What you have to do> Nothing but the pictures should be left out when the entries below are duplicated.

Records supplied>
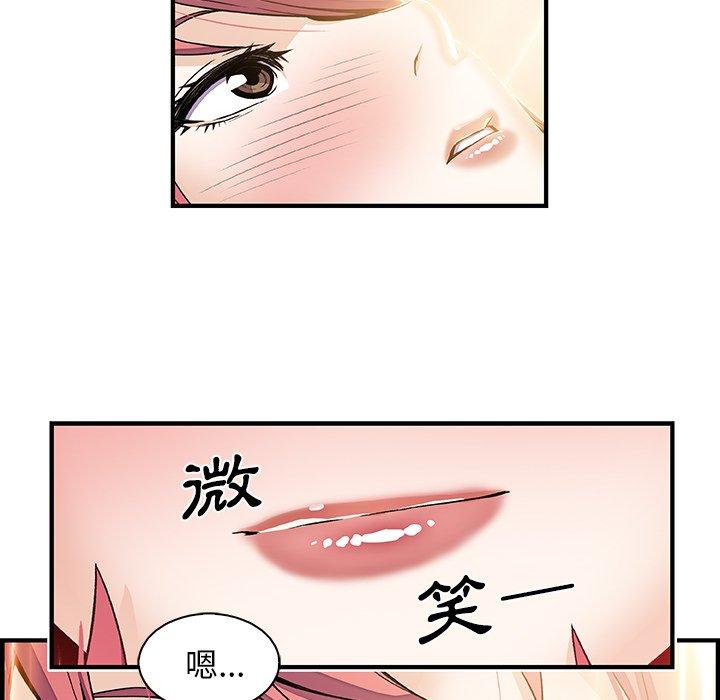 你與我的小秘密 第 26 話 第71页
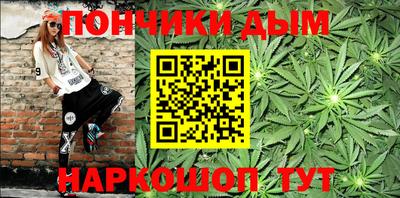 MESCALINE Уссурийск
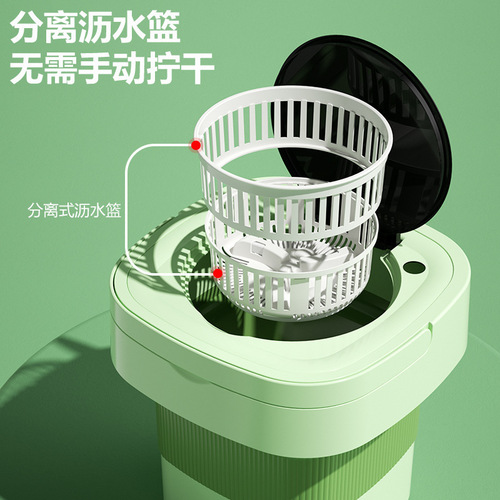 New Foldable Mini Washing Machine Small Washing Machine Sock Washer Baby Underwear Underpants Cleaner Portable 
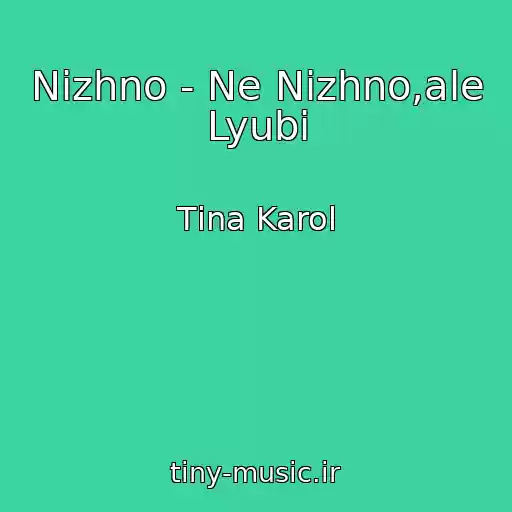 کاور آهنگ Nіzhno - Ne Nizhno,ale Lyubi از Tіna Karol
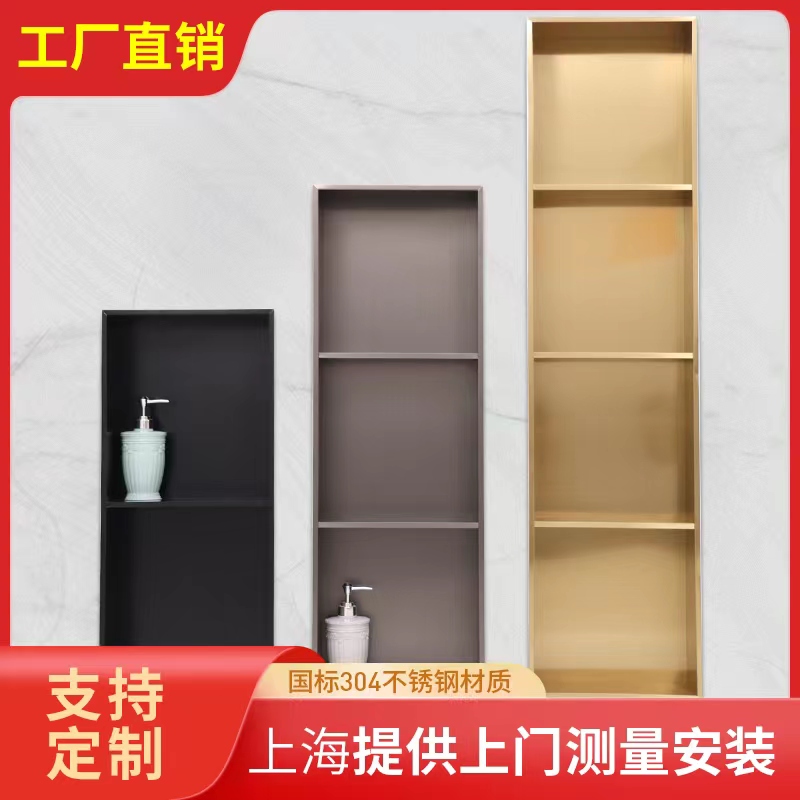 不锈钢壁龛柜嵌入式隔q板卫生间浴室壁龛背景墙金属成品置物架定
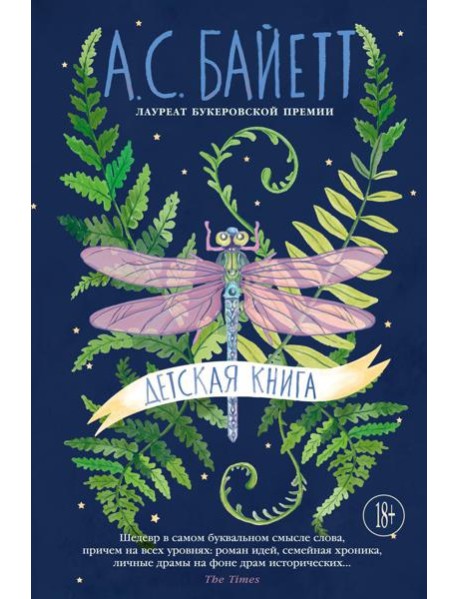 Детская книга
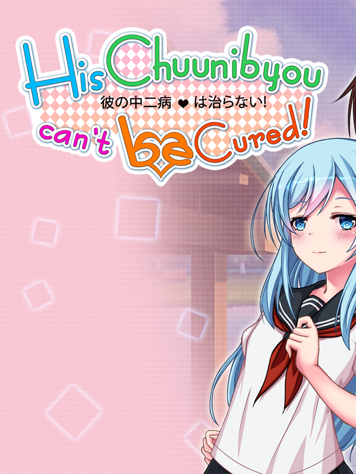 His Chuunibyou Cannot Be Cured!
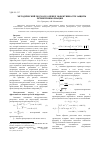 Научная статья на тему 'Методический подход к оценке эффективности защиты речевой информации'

Result below>
 你與我的小秘密 第 26 話 第71页
 MESCALINE Уссурийск
 New Foldable Mini Washing Machine Small Washing Machine Sock Washer Baby Underwear Underpants Cleaner Portable 
 کاور آهنگ Nіzhno - Ne Nizhno,ale Lyubi از Tіna Karol
 不锈钢壁龛柜嵌入式隔q板卫生间浴室壁龛背景墙金属成品置物架定
 Детская книга
 His Chuunibyou Cannot Be Cured!
 Научная статья на тему 'Методический подход к оценке эффективности защиты речевой информации'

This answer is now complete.